Everyone from Louis Vuitton, Prada, True Religion, Rock & Republic, Tommy Hilfiger and Ralph Lauren have worked really hard to cash in on this phenomena. Thus it has become a very lucrative target market and design style for many design companies. Many hip hop artists have since come out against all the commercialism that is so prevalent in this genre of dress. To that point, this is a design trend that seems to be fading as the rappers age and become more lucrative in their own right. The most recent collection that was rapper/hiphop inspired seems to be Chirstian Dior in 2000.
http://en.wikipedia.org/wiki/Hip_hop_fashion
http://www.kingice.com/hip-hop-fashion.aspx
http://24hourhiphop.com/features/Fashion/


The next trend?
Skinny jeans and skin tight clothing…. What a surprise. Less jewelry – I think the recession and a backlash against the bling of Hiphop I think will be the cure. On a more serious note, I think this will take more research to find a real clear trend. Trends in clothing, particularly street trends, grow from the ground on up and are not dictated by someone in Paris on a runway. Today's youth seem to be quiet. Like preceeding generations, they have found their own drug of choice it seems in CristalMeth as it is readily available and cheap to make. This may change with the legalization of pot in California. The last time I heard, pot was the number one perscription drug in the state now.
I would think the younger trend setter would be feeling a bit more disenfranchised similar to the folks of the early 70's. I think there is some anger their with regards to the state of the economy and lack of jobs. The 70's was a huge time of inflation and a time of war...hmmmm. Sounds familiar. I am seeing some more tie dye garb. But I haven't seen any evidence of a new design trend. Music is more downloaded than bought in a store. Monitoring music trends could be a source to point to but with the pluralism that is now in the music market, everyone has a chance to 15 seconds of fame. There are no clear trend setters... except Lady Gaga whom I see as a flash in the pan.
With that, the music of Evanescence, with it's gothic overtone, that seems more of the direction and style I see coming down the road. This would explain the huge growth in her business in the past few years. But that could also be the result of the museum exhibition that has been traveling the world and the subsequent book. Even so, those two events also point me into the direction of a more punk oriented urban trend coming down the pike.
I will keep you abreast of any new trends I see.

Sunday, December 6, 2009

Sexual enhancement in fashion.

I’m sure I’m going to put my foot in it here. So be it.

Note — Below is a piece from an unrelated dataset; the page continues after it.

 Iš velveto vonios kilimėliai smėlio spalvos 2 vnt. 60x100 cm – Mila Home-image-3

Sexual enhancement in fashion. Ok — that lead me to say one word — “PURPOSE”. What is the purpose to have sexual enhancement in a garment? Why is the person wearing the garment in the first place? It is NOT to look “nice”, “pretty” or that other heinous word “cute”. Kittens and puppies are “cute”. When one is on the prowl, it not with the intension of looking “cute”.

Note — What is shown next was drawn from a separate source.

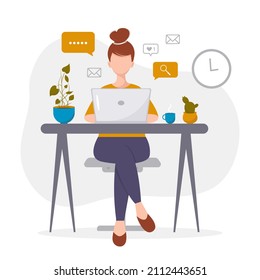 Young woman sitting at the table and working on laptop. Home office, workplace, online learning concept. Vector illustration in flat style.
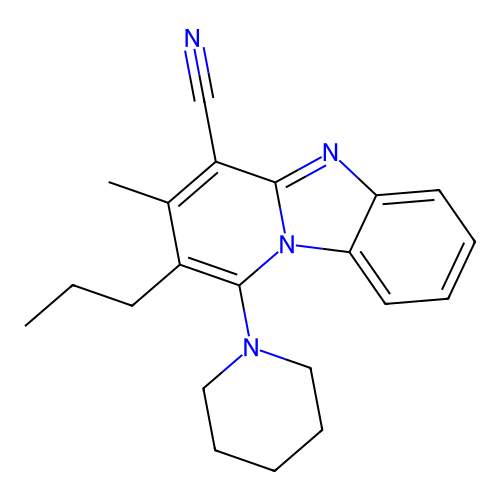3-Methyl-1-piperidin-1-yl-2-propylpyrido[1,2-a]benzimidazole-4-carbonitrile structure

A wearer of sexually enticing clothing is wanting to look desirable, HOT, enticing and to a certain extent, entertaining.

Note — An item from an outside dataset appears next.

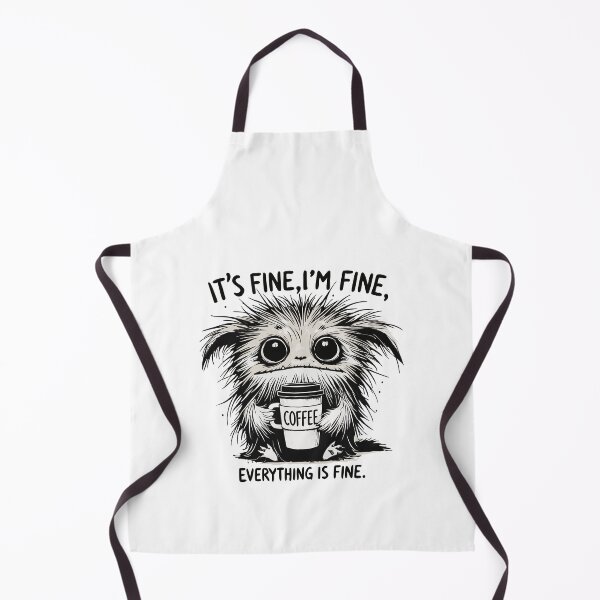 Item preview, Product quote funny Furball drinking coffee- IT'S FINE, I'M FINE, EVERYTHING IS FINE designed and sold by Gadget80.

The wearer does not want to look…. “boring“, “dull”… and heaven forbid, mechanical, or processed, over done… ahem, and dare I say …. Cheap, used, or uninspiring.
With that in mind, I ask“Who is designing great sexy stuff?”
And I really run up a little dry. Let me tell you why. Perhaps it is age… I’m not exactly twenty so the same design themes that make a person look hot at twenty don’t work when you are closer to… oh, god… eeeeek… I can’t to say it… 50… gulp.
In the past, fashion has had some wonderful designers. Versace was amazing for men’s and women’s wear. He knew how to be provocative. Picking up one of his books like Men Without Ties and Do Not Disturb was like buying pornography at the time. It was very, very overt and sexual. His clothing begged comment. Some would say his men’s wear was too gaudy or too colorful. But it was FUN to wear and very sexy. Yes, you had to have a body to pull of a shirt that had 30 different color put into it.
(Just to give you a reference, a typical newspaper/magazine today is printed with 4 colors. A garment or textile may be printed with 8 to 10 a. But 30?) The shirts were museum quality because of the technical difficult to make them. It is the equivalent of wearing a Hermes silk scarf next to your skin. You FEEL desirable. Fur has that same tactile quality next to skin.
But quality aside, there was a tougue and cheek quality to his clothing. It was sexy but also kind of humorous. He took what can be a very intimidating process of wearing something sexually enticing and made it light. It was not fetish wear. Unlike the latex/ leather wear of of batman and catwoman (which tends to be more costume) his clothing was very decadently over-the-top luxury.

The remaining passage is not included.